### Data segment
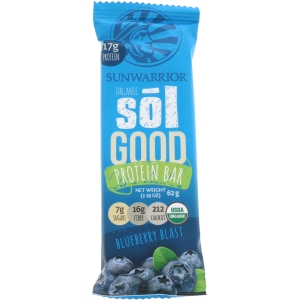 SUNWARRIOR ORGANIC SOLGOOD PROTEIN BAR BLUEBERRY BLAST 62GR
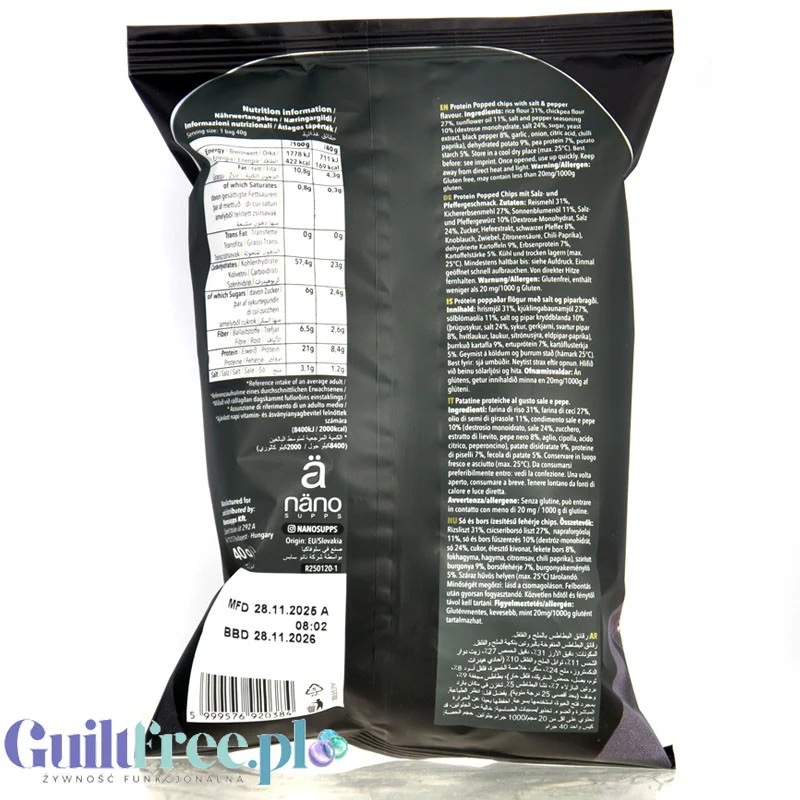 Nano Ä Vegan Protein Chips Salt & Pepper - wegańskie chipsy białkowe bez soi i mleka - Image 3
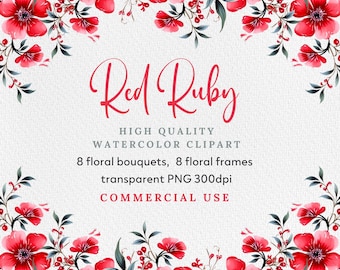 Flores rojas en acuarela PNG: Imágenes prediseñadas florales, ramos y marcos (descarga digital)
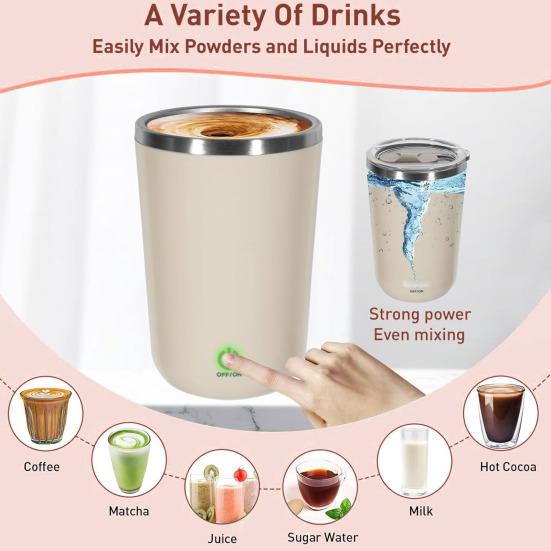 Self Stirring Coffee Mug Magnetic Stirring Mug Electric Shake Bottle 350ml Portable Protein Powder Shaker for Coffee Milk Cocoa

### Directions for this task
Beginning with the line containing "Nano Ä Vegan" and ending with the last line of the material, output each line exactly; do not include pictures.

### Your response
 Nano Ä Vegan Protein Chips Salt & Pepper - wegańskie chipsy białkowe bez soi i mleka - Image 3
 Flores rojas en acuarela PNG: Imágenes prediseñadas florales, ramos y marcos (descarga digital)
 Self Stirring Coffee Mug Magnetic Stirring Mug Electric Shake Bottle 350ml Portable Protein Powder Shaker for Coffee Milk Cocoa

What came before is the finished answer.